2000 Bell Street will be integral to the redevelopment of National Landing, the location of Amazon’s new headquarters just outside Washington, D.C. in Virginia’s Crystal City. Its ambition echoes the client’s desire to foster a vibrant, architecturally distinct environment that comprises offices, apartments, and hotels, adding new character to an area of outdated building stock in an effort to revitalize – rather than rescind – the existing landscape.
The building’s design instills its urban fabric with renewed energy, starting with its articulate massing and façade expression. Along South Bell Street, the tower’s street wall relates to the human scale of the pedestrian. Its angled glass and intricate stone fenestration evoke greater intimacy with the ground plane, coupled with an interior, open-air courtyard at the lobby level that welcomes visitors and residents alike. Along the highway, the tower massing is taller and proud of the existing street wall. Its glass renders vertically, defining the wall as more iconic or monumental in relation to the Richmond Parkway. In both cases, the dynamic glass facades offer energetic texture and scale within a canyon of mostly uniform precast buildings.

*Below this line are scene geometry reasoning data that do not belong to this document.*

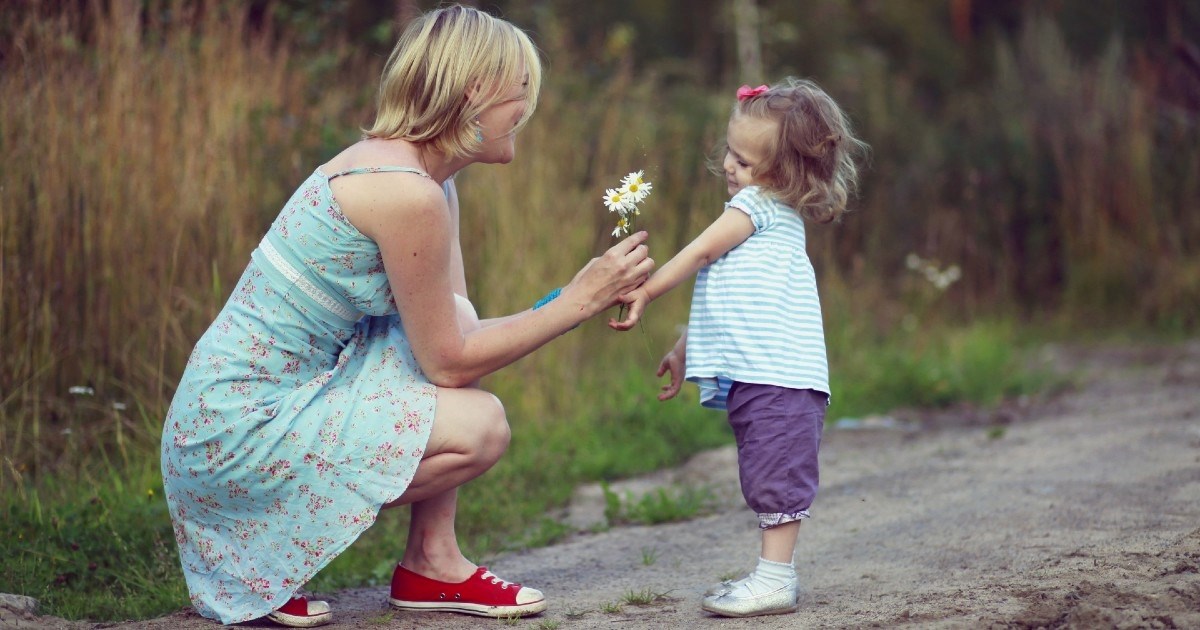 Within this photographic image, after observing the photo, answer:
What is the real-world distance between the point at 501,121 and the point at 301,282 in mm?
622

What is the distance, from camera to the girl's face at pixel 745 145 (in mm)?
3109

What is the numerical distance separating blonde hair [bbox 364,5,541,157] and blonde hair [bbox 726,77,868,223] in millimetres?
629

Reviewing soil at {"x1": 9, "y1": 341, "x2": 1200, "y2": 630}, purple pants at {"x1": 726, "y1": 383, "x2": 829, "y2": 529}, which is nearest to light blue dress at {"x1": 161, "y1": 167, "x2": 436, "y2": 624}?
soil at {"x1": 9, "y1": 341, "x2": 1200, "y2": 630}

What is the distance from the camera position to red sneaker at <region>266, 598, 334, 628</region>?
299 cm

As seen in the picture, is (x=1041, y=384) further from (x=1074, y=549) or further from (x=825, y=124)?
(x=825, y=124)

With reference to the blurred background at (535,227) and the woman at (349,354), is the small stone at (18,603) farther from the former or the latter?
the woman at (349,354)

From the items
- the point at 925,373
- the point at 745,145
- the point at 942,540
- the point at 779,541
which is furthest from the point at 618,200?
the point at 925,373

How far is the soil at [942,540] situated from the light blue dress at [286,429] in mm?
261

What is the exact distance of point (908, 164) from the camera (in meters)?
8.88

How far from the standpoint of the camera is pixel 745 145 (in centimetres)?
315

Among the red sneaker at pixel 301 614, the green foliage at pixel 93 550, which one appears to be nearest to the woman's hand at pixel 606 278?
the red sneaker at pixel 301 614

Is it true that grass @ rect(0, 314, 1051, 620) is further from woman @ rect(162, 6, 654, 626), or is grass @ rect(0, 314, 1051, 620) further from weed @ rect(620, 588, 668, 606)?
woman @ rect(162, 6, 654, 626)

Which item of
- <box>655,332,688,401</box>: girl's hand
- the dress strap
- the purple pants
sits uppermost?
the dress strap

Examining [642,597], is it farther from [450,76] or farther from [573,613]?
[450,76] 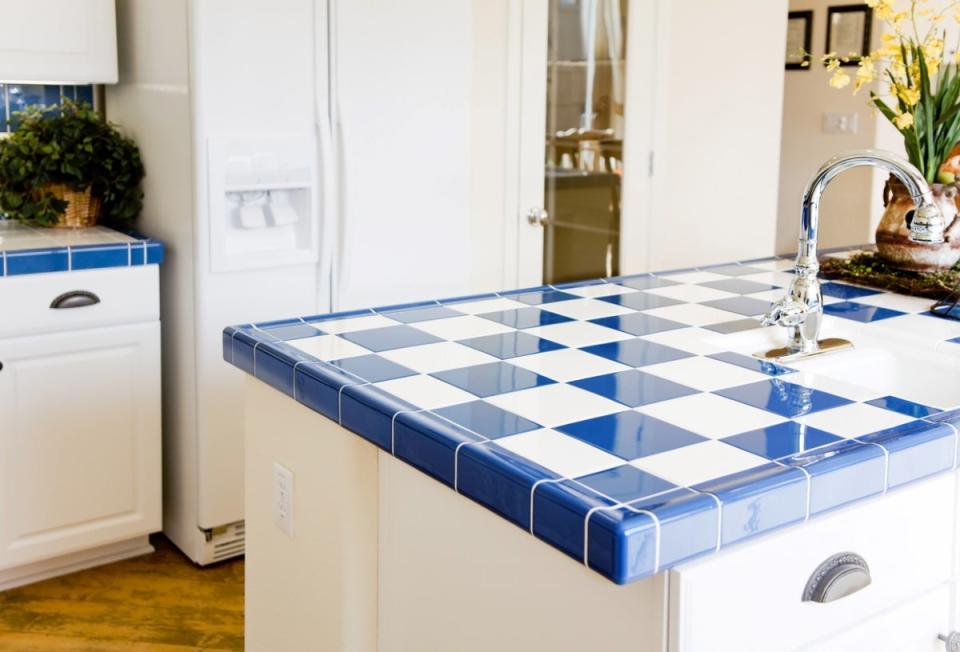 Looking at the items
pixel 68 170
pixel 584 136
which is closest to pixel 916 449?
pixel 68 170

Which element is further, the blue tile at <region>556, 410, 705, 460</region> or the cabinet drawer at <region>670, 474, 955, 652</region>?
the blue tile at <region>556, 410, 705, 460</region>

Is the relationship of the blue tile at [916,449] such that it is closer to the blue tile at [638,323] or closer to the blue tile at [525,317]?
the blue tile at [638,323]

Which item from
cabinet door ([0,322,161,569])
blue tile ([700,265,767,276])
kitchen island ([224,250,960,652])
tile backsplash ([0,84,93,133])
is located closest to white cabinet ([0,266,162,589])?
cabinet door ([0,322,161,569])

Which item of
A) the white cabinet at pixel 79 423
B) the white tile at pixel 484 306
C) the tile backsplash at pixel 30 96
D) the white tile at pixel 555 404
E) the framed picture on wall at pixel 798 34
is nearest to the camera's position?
the white tile at pixel 555 404

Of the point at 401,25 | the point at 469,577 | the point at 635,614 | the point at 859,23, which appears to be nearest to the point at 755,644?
the point at 635,614

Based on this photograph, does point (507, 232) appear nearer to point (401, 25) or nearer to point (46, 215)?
point (401, 25)

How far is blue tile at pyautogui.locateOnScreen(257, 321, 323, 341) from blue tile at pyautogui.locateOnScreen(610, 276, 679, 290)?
2.66 feet

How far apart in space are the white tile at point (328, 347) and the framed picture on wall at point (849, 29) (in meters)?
5.10

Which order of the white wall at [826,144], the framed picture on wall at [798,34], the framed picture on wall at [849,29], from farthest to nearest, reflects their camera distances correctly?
1. the framed picture on wall at [798,34]
2. the framed picture on wall at [849,29]
3. the white wall at [826,144]

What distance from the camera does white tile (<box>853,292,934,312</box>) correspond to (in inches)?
92.4

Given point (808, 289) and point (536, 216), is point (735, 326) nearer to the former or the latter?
point (808, 289)

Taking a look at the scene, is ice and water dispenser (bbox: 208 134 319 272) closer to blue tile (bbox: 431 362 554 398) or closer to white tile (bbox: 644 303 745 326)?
white tile (bbox: 644 303 745 326)

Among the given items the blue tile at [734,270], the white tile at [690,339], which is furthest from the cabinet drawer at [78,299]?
the white tile at [690,339]

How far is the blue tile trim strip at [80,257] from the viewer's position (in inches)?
113
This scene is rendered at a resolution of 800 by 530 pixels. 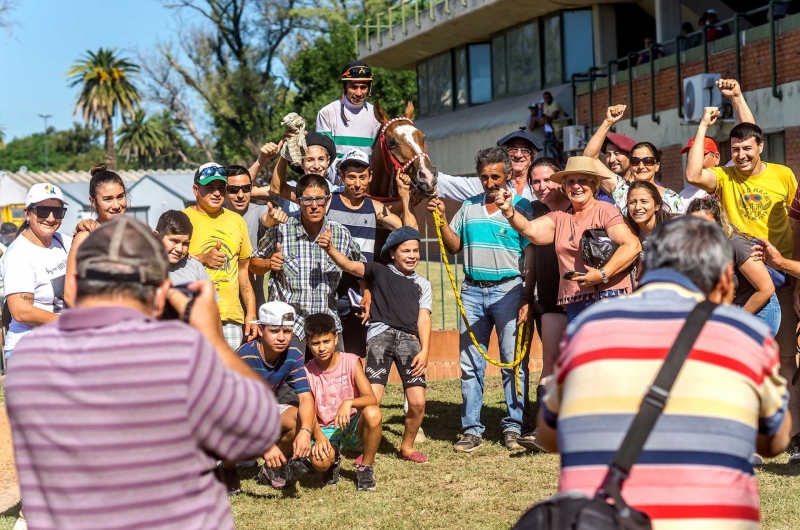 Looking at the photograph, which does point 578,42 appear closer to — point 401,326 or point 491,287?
point 491,287

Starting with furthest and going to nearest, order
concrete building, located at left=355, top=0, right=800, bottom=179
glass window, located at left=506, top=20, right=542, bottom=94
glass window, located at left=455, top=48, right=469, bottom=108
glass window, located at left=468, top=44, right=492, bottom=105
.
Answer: glass window, located at left=455, top=48, right=469, bottom=108
glass window, located at left=468, top=44, right=492, bottom=105
glass window, located at left=506, top=20, right=542, bottom=94
concrete building, located at left=355, top=0, right=800, bottom=179

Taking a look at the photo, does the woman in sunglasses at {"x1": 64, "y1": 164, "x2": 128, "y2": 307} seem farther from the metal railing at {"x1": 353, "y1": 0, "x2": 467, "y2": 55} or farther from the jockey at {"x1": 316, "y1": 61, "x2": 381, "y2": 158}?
the metal railing at {"x1": 353, "y1": 0, "x2": 467, "y2": 55}

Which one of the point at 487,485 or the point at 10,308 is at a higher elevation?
the point at 10,308

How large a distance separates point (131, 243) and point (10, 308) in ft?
11.1

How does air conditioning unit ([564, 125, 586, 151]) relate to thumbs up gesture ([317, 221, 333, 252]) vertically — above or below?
above

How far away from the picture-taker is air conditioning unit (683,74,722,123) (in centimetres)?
1772

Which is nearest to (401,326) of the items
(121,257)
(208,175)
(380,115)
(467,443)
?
(467,443)

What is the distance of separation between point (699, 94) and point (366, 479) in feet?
41.9

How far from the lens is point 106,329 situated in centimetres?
287

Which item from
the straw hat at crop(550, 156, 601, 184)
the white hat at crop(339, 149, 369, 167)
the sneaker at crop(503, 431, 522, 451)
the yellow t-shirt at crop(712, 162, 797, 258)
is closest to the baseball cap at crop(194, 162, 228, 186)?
the white hat at crop(339, 149, 369, 167)

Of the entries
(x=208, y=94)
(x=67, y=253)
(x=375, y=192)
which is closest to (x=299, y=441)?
(x=67, y=253)

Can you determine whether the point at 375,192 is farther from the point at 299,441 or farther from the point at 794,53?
the point at 794,53

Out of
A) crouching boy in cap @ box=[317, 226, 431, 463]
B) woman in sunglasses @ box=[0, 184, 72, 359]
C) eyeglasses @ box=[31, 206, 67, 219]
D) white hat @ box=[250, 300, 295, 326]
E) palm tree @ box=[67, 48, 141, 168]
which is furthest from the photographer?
palm tree @ box=[67, 48, 141, 168]

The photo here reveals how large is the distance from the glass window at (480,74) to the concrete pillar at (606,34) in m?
5.77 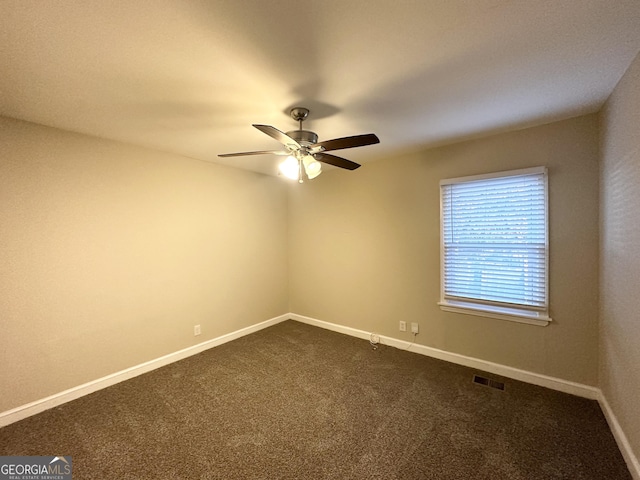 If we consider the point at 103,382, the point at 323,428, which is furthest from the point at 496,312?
the point at 103,382

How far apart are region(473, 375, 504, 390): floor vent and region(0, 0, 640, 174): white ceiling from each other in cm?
244

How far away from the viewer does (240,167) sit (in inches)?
151

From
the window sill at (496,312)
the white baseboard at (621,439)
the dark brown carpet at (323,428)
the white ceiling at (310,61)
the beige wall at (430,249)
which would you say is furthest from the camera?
the window sill at (496,312)

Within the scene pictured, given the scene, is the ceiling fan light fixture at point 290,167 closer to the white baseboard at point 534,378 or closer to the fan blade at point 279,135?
the fan blade at point 279,135

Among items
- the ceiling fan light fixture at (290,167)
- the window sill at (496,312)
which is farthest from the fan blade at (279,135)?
the window sill at (496,312)

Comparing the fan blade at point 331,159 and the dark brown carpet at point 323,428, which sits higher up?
the fan blade at point 331,159

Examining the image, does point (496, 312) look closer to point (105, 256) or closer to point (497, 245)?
point (497, 245)

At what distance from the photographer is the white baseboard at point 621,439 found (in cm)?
155

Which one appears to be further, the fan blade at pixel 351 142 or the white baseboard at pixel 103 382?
the white baseboard at pixel 103 382

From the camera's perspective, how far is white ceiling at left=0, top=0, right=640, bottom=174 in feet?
3.96

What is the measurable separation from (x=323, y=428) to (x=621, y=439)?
1.96m

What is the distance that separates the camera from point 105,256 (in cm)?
266

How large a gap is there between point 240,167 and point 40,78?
227 centimetres

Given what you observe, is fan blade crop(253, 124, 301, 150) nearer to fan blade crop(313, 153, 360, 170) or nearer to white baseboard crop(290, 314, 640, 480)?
fan blade crop(313, 153, 360, 170) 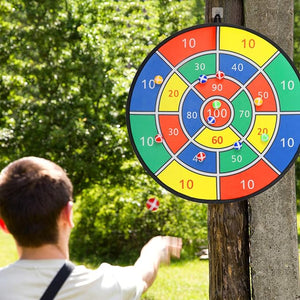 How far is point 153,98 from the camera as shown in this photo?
12.3ft

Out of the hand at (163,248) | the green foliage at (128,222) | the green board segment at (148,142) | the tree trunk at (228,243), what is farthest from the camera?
the green foliage at (128,222)

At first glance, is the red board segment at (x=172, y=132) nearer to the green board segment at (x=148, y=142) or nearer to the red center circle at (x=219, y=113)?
the green board segment at (x=148, y=142)

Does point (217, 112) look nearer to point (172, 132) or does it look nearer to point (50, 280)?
point (172, 132)

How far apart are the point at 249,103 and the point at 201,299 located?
11.1ft

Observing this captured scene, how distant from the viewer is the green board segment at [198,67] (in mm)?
3770

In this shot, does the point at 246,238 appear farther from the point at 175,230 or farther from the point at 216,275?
the point at 175,230

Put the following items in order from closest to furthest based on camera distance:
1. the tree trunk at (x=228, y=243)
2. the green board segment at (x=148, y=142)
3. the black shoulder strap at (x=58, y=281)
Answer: the black shoulder strap at (x=58, y=281) < the green board segment at (x=148, y=142) < the tree trunk at (x=228, y=243)

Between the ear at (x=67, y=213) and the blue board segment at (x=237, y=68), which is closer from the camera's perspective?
the ear at (x=67, y=213)

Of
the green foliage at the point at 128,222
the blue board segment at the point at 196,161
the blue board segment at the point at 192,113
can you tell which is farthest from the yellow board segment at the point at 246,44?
the green foliage at the point at 128,222

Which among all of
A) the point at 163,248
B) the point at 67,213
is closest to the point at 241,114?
the point at 163,248

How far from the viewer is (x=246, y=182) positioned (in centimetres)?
374

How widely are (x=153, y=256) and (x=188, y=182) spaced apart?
1517 millimetres

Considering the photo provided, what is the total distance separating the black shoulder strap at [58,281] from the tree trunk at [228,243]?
2.11 meters

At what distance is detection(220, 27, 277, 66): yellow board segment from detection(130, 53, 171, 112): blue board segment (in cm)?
36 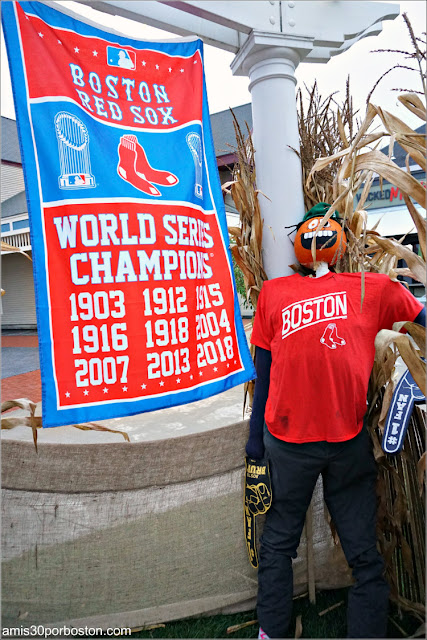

This effect translates to the project’s emphasis on the indoor-outdoor experience of its architecture, crowned by three terrace level opportunities. The rooftop amenity offers an east and west meeting space with connection to a southern facing pool and deck; the intermediate terraces elevates residents to experience urban density and views of the city and DC monuments; and finally, the garden terraces cater to the townhouse-like residential units. The form of the building maximizes corners so that many of the apartments can enjoy outdoor space as well.